Num ano, sem saber, nos ensinou a “pensar fora da caixa” já que, pra achar os ovos, tivemos que abrir a janela do apartamento pra encontrar o ovo do lado de fora (e ainda bem que não estava nem chovendo e nem muito sol pois encontramos o ovo ainda em forma de ovo)! Outro ano nos ensinou intuitivamente sobre criatividade e pares de opostos pois encontramos um ovo onde menos se espera, num lugar quente demais pra quem prefere temperaturas amenas! No forno! Obviamente não ligado! Mas aquele insuspeito esconderijo me fez pensar que mesmo em lugares perigosos o nosso presente pode estar - se o ponto de fusão do chocolate é 34 graus imagine o que um ovo de Páscoa estaria fazendo dentro de um fogão?! Genial! De fato: o Coelhinho da Páscoa ensinou direitinho a minha mãe!
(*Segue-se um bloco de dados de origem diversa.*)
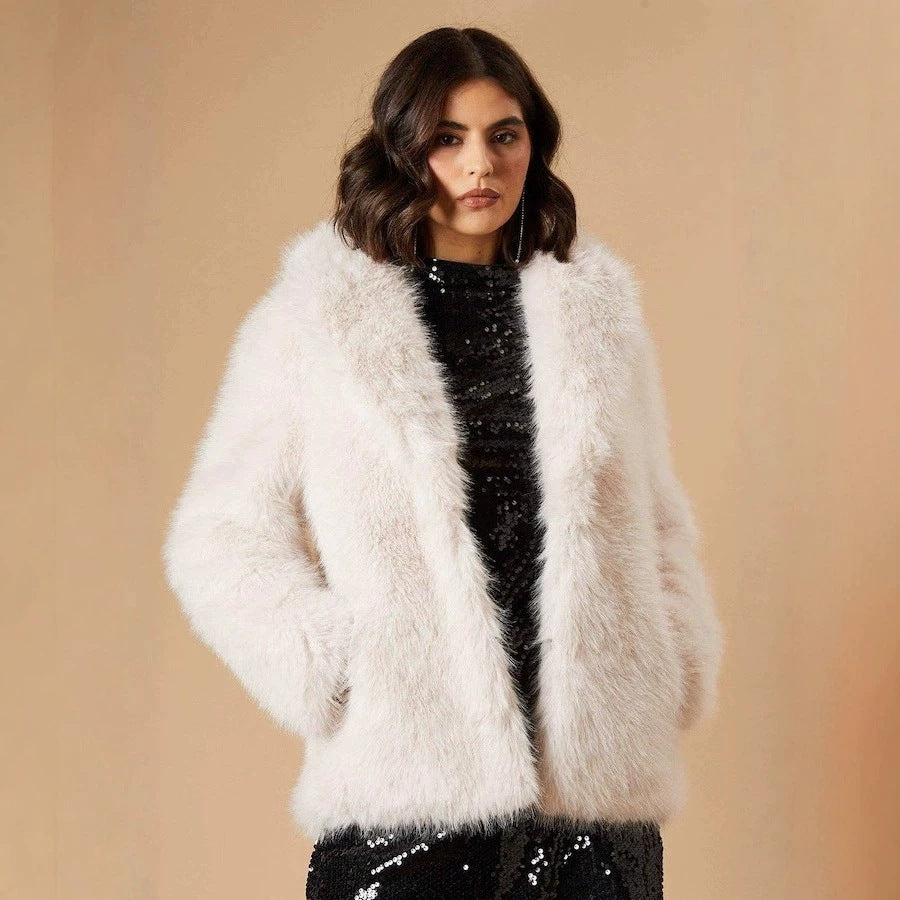 Women's short jacket made of high-pile faux fur with voluminous shawl collar Chichicherry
Agora, no ano que vem (em pleno 2024!) imagine a minha emoção (aos quase 50 anos!) ao saber que o Coelhinho da Páscoa vai me visitar de novo! Porque no ano que vem virá esconder os ovos para o meu primeiro filho!
E tenho certeza de que, ao longo dos anos, eu e minha esposa, Carol, vamos aprender direitinho o ofício com o Coelhinho (e com o Bom Velhinho e tantos outros) a fim de passar adiante a tradição e a vivência real de personagens queridos que povoam o imaginário das crianças - e algumas tem o privilégio de viver isto na pele (ainda que nunca cheguem a tocar de fato nalgum deles).
Assim como sinto um calorzinho gostoso de ter vivido e te confidenciado tudo isto (e espero que lhe tenha trazido boas recordações e ações cotidianas também), me sinto entusiasmado de, em breve, ajudar meu filho nestes primeiros passos em viver o mundo imaginário, assim como, tanto ao distinguir um de outro quanto a ter a experiência de ambos se mesclarem em momentos tão especiais quanto o da Páscoa e do Natal. Mas a experiência natalina a gente deixa mais pro fim do ano. Por enquanto: Feliz Páscoa!
Que a simbologia da ressurreição (de Cristo para os cristãos, da liberdade de um povo não mais escravizado para os judeus e de esperança pra tantos povos) se renove e que a ressurreição do imaginário seja eterna para as crianças! Que possam continuar contando com adultos capazes de lhes contar e recontar - viver e reviver - lendas, mitos, fantasias e aventuras de verdade rumo a um mundo mais doce, generoso, amoroso, compassivo, pacífico e fantástico de se viver de verdade.